More powder in a short barrel doesn't mean all of it is going to burn while in the barrel.
There are HUNDREDS of different smokeless propellants.
I can load 9mm to leave a 6" barrel at 1,150 fps, with 95% efficiency (powder consumed); and I can load 9mm to leave a 2" barrel at 1,150 fps, with 95% efficiency. It would be very stupid of me to use the same powder in both applications.
Adding more powder would
never happen. Just adding more powder to the load will increase pressures, when some bored idiot decides to shoot the 'short-barrel' load in his rifle. Adding enough powder to reach good velocity in the short barrel would mean for case-rupturing pressure levels in the rifle. The
extreme liability inherent to that situation prevents major ammunition companies from doing such (and, as mentioned - it's horribly inefficient to waste that powder, when a faster powder can achieve a ~99% burn).
As Daekar was trying to point out -
The safe way to obtain higher velocity in a short barrel, is to change powders. Going to a powder that has a much faster burn rate, but still won't exceed max pressure in handguns
or rifles, is the answer.
Obviously a rifle will still be better, but I believe these rounds should make 22wmr pistols more effective.
Adding barrel length doesn't always increase velocity - especially with pistol ammunition and rimfires. There are several documented tests (on these very forums) where .22 LR, .380 Auto, 9x19mm, and .45 Auto actually began
losing velocity in longer barrels. Even Chuck Hawks used to have a reference on his website, about a .22 WMR test, where a barrel was cut back 1 inch at a time. Velocity
increased as the barrel was
shortened, until somewhere around the 17" mark; then decreased, as the barrel was cut shorter.

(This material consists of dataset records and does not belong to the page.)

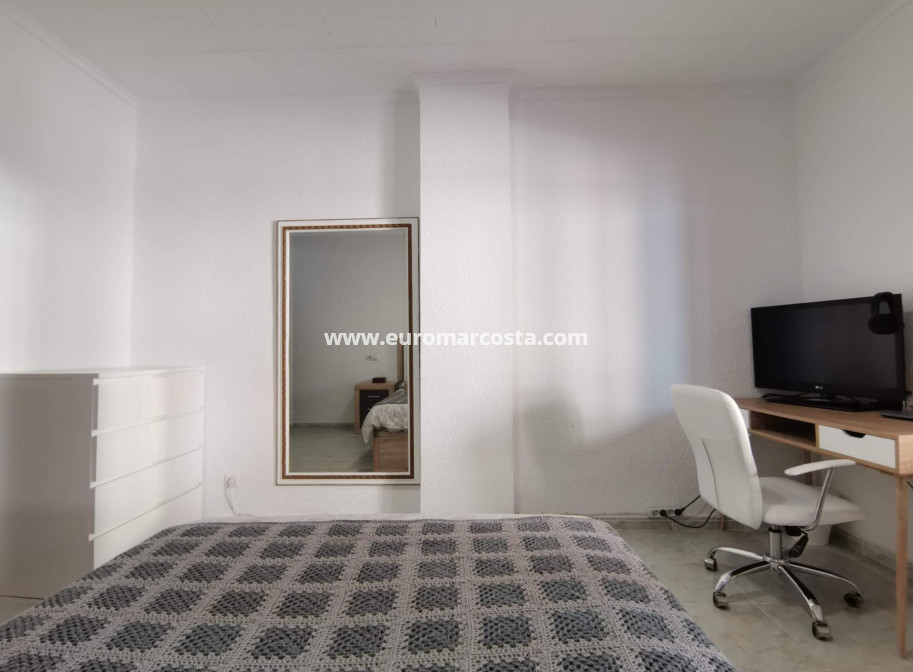 Objekte zum Wiederverkauf - Wohnung - Torrevieja - TORREVIEJA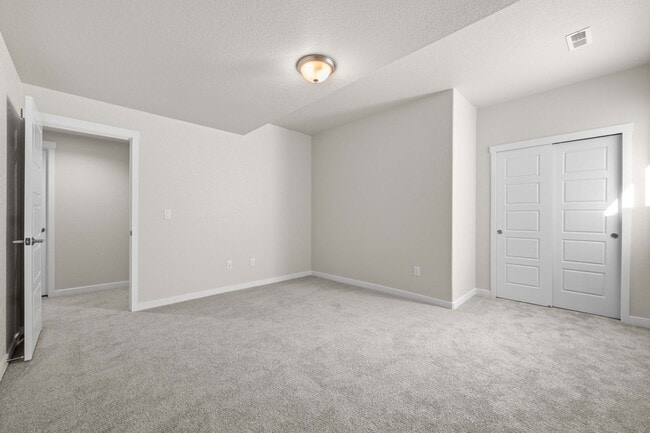 Building Photo - $2700 - 4BR/3.5BA Brand New House in Merid...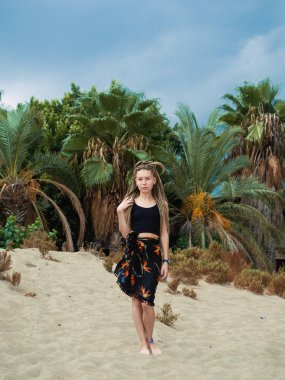 Yaz boyunca rastalı saçları olan genç bir kadın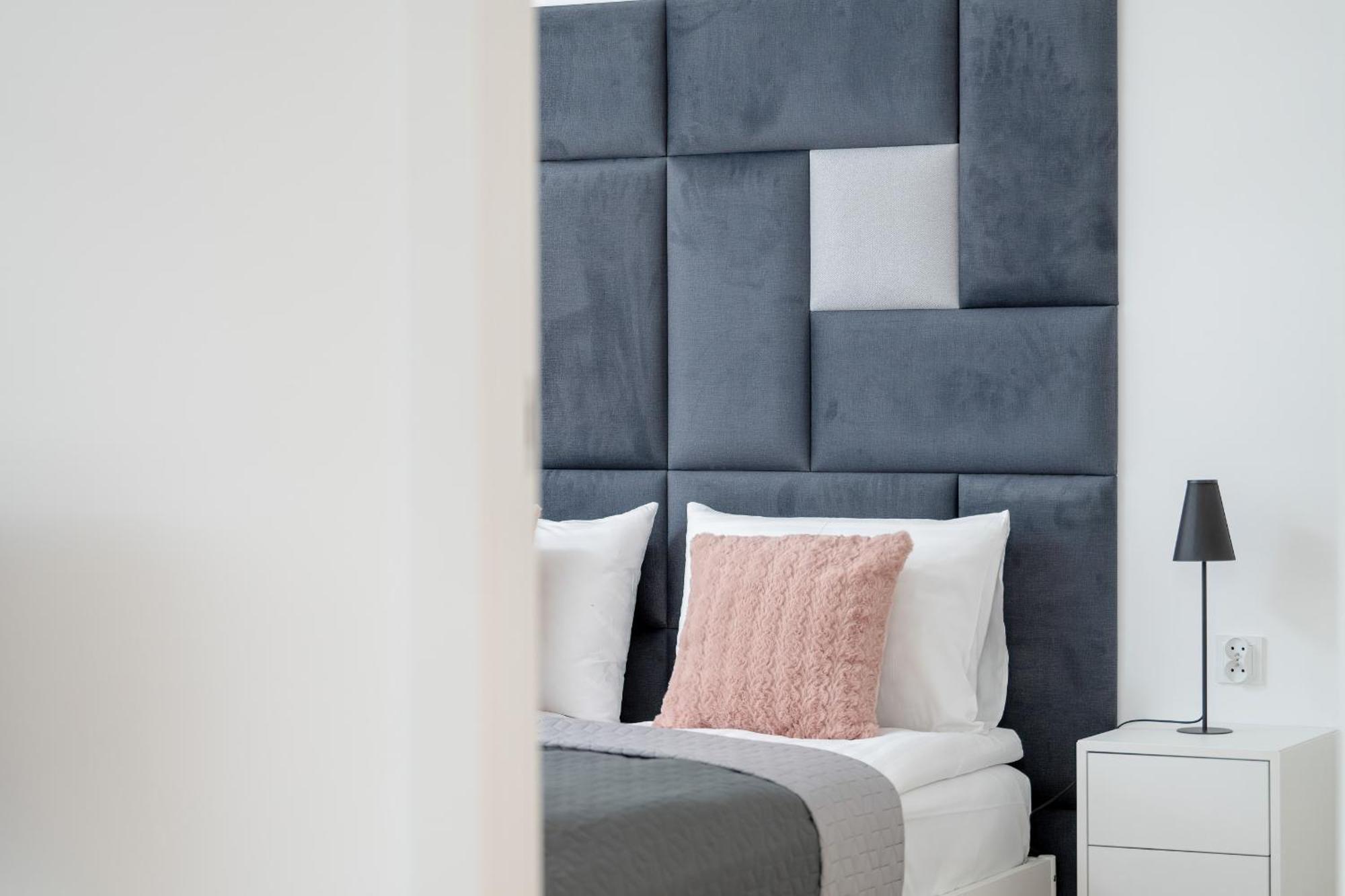 Spacious Apartment With Balcony By Rent Like Home Poznaň Exteriér fotografie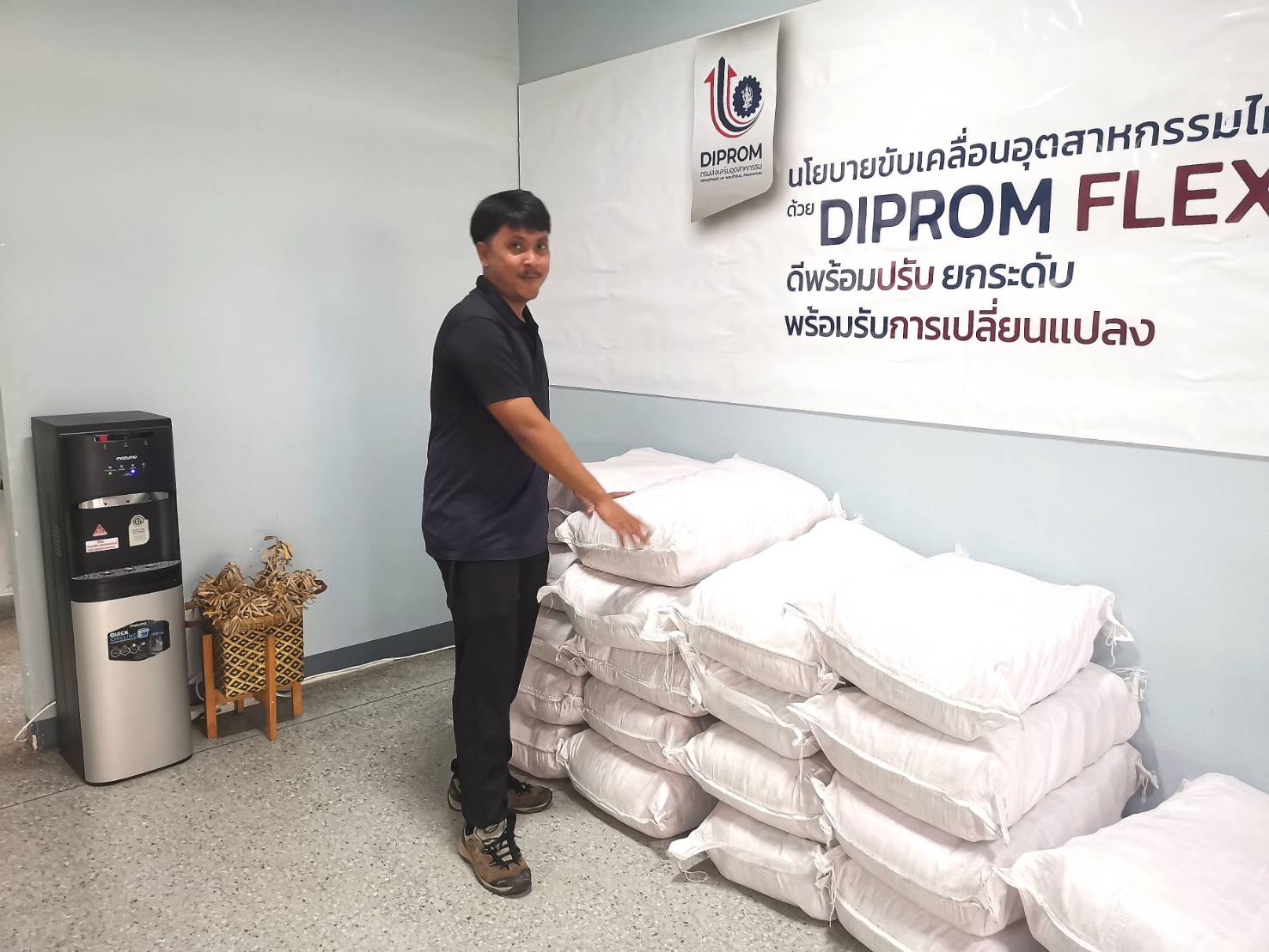 ผอ.สรข.5 พร้อมด้วยเจ้าหน้าที่ สรข.5 เป็นตัวแทน กพร. ส่งมอบสิ่งของใช้ที่จำเป็น เพื่อช่วยเหลือผู้ประสบอุทกภัยและเพื่อการฟื้นฟูพื้นที่ประสบอุทกภัยในพื้นที่ภาคเหนือตอนล่าง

Factory ammunition is designed to attain its highest velocity in a specific barrel length, whether it be pistol ammunition or rifle ammunition (or both, for cartridges like the .22 WMR, .22 LR, and .32-20). When you run shorter or longer than that length, you can experience a loss of velocity. It all boils down to a loss of pressure, since the expanding gases have reached their max pressure at the optimum barrel length. Slow burning rifle powders can negate the loss of velocity, with very long barrels (28", 30", and longer), but then you're arguing about whether the slow burning powder was used to
optimize that load for longer barrels.